As health officials reported Turkey’s third death linked to the coronavirus Thursday, analysts said the government will need to pursue significant fiscal interventions to stave off long-term economic impacts resulting from the global pandemic.

Turkish President Recep Tayyip Erdogan announced a $15.4 billion economic stimulus package Wednesday, introducing a mix of tax cuts, payment deferrals and increased pension payouts to help citizens and businesses weather the COVID-19 crisis.

Yet economic analysts fear the measures don’t go far enough, saying the gravity of the pandemic require further short-term actions from the Turkish state which, like other emerging markets, faces steep challenges in the months to come.

“The package seems prepared with the assumption that the shock will be limited, and that macroeconomic activity will recover after a short period,” Wolf Piccoli, co-president and political risk analyst at Teneo Intelligence, told Al-Monitor. “This is a rather questionable approach, given the profound uncertainty ahead.”

Piccoli said Turkey’s $750 billion economy would require a more robust stimulus but noted the Turkish Treasury may struggle to find sufficient resources after the government pursued several years of heavy spending to prop up Turkish markets following a 2018 currency crisis.

“The bottom line is that Turkey is facing this unprecedented crisis without significant monetary and fiscal space given the government’s poor handling of the economy for a sustained period,” Piccoli told Al-Monitor.

As of Thursday, Turkish health officials reported 191 confirmed COVID-19 cases within the country. On the same day, Turkish Health Minister Fahrettin Koca told lawmakers in Ankara that 10,000 tests had been conducted domestically and that medical personnel would seek to carry out 10,000 to 15,000 tests per day in the near future.

During his speech on Wednesday, Erdogan advised citizens to stay home if possible and to practice social distancing to curb the spread of the virus. In response, many shops, clothing retailers and malls shuttered across Turkey Thursday and the nation’s United Brands Association reported sales of “stores on high streets” and in shopping malls dropped 70% over the past week.
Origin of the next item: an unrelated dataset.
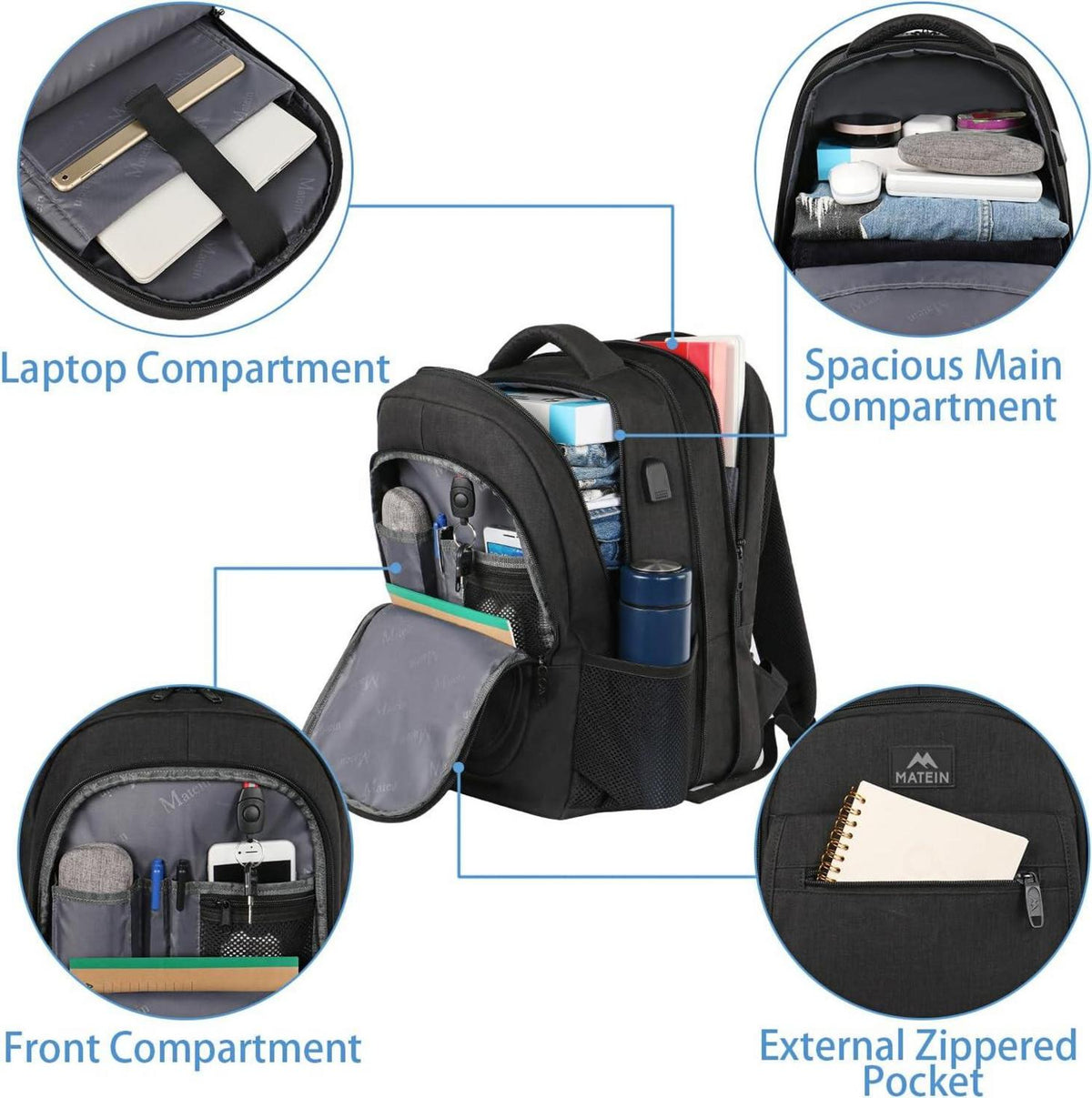MATEIN Großer Laptop Rucksack 15,6 Zoll USB Schwarz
As central banks around the globe act to shore up financial markets in response to the pandemic, the crisis may be acutely felt in Turkey, where the unemployment rate hovered near 14% throughout 2019, with youth unemployment at about 25% in December. On Thursday, the Turkish lira approached August 2018 lows, reaching 6.54 against the dollar.

The nation’s consumer price inflation also rose to 12.37% year-on-year in February. Though the Turkish Central Bank moved to cut a key interest rate by 100 basis points Tuesday, inflation will likely continue to pose significant challenges for state officials, according to Selva Demiralp, a professor of economics at Koc University and director of the Koc University-TUSIAD Economic Research Forum (TUSIAD is the Turkish Industry and Business Association).

“It is true that our policy rate is nowhere close to the zero lower bound,” Demiralp told Al-Monitor. “Yet, the policy rate is below the inflation rate, which corresponds to a negative real rate.” She added, “This is a risk because it triggers dollarization and further limits capital inflows at a time of low risk appetite. Turkey cannot afford another exchange rate shock in the middle of a global economic slowdown.”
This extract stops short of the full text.